Les résultats complets de cette enquête sont consultables :

Résultats Européens

Rappel des objectifs et de la méthode de l’enquête.

La FIVA et la FFVE (mais aussi dix autres Fédérations Nationales en Europe) ont souhaité mieux connaître, de manière aussi objective que possible, l’ampleur du mouvement des véhicules anciens, tant sur le plan économique – flux monétaires liés à la possession et à l’usage de ces véhicules-, que social – emplois et compétences maintenus et créés.

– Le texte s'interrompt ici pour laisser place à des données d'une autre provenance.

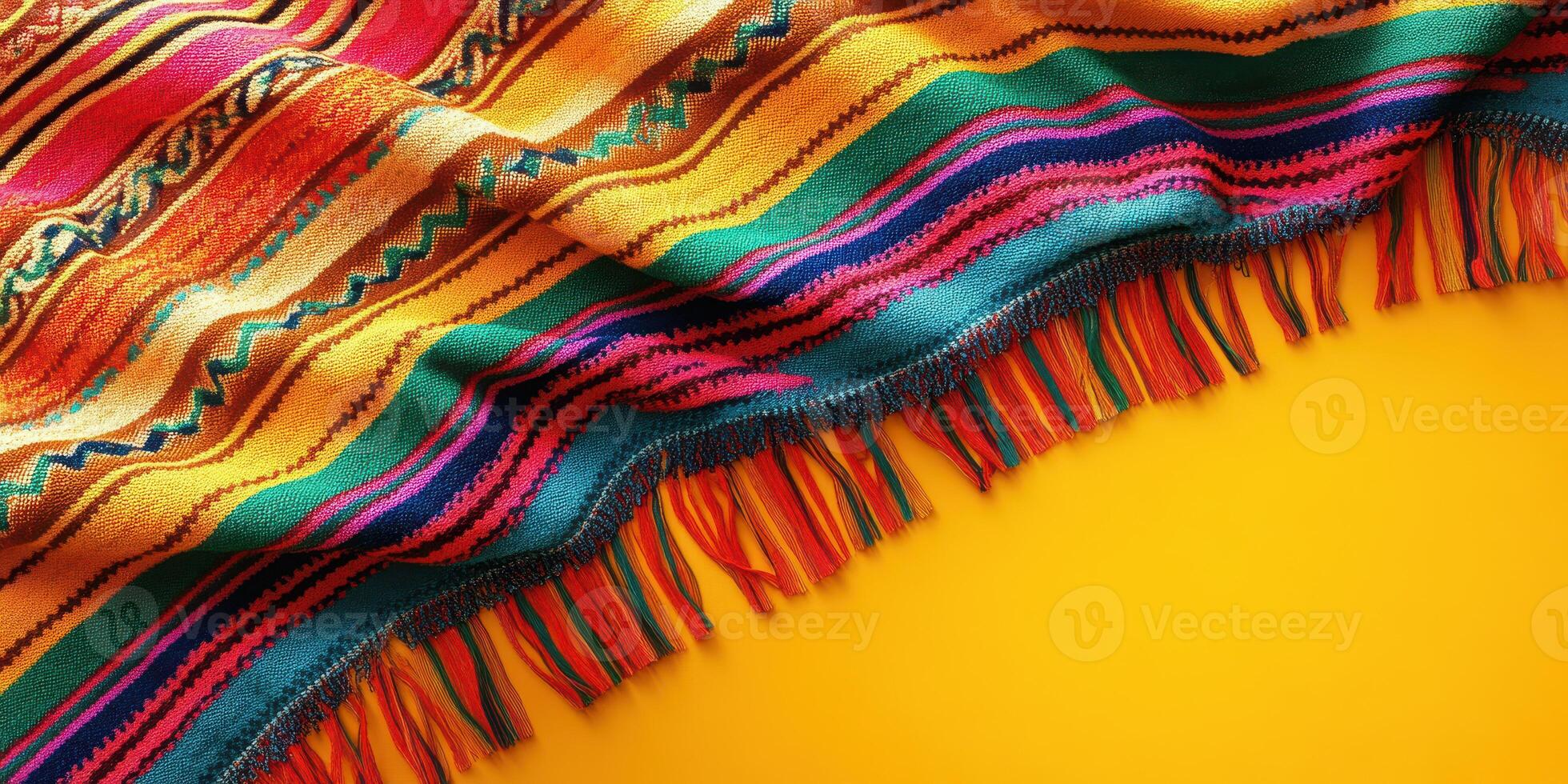 Colorful woven blanket on a bright yellow surface showcasing vibrant patterns and textures, ideal for decorative use photo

Dans chaque pays, cette connaissance sera particulièrement utile à la Fédération Nationale et aux clubs dans leurs démarches auprès des Pouvoirs Publics pour justifier une demande d’amendement ou d’exemption sur des textes législatifs et réglementaires qui pourraient ignorer les caractéristiques spécifiques de nos véhicules.

Afin d’obtenir des résultats aussi rigoureux que possible, un cabinet Britannique spécialisé a été mobilisé pour traiter les informations recueillies.
La maîtrise d’ouvrage a été assurée par Michel de Thomasson, Président de la FIVA et Horst Brüning, Président de la Fédération Suédoise. Geoff Smith (GB) a piloté le projet. Dans chaque pays, un correspondant a été nommé pour coordonner l’organisation et la logistique de l’enquête. Patrick Rollet (Délégué Général de la FFVE) a joué ce rôle pour la France.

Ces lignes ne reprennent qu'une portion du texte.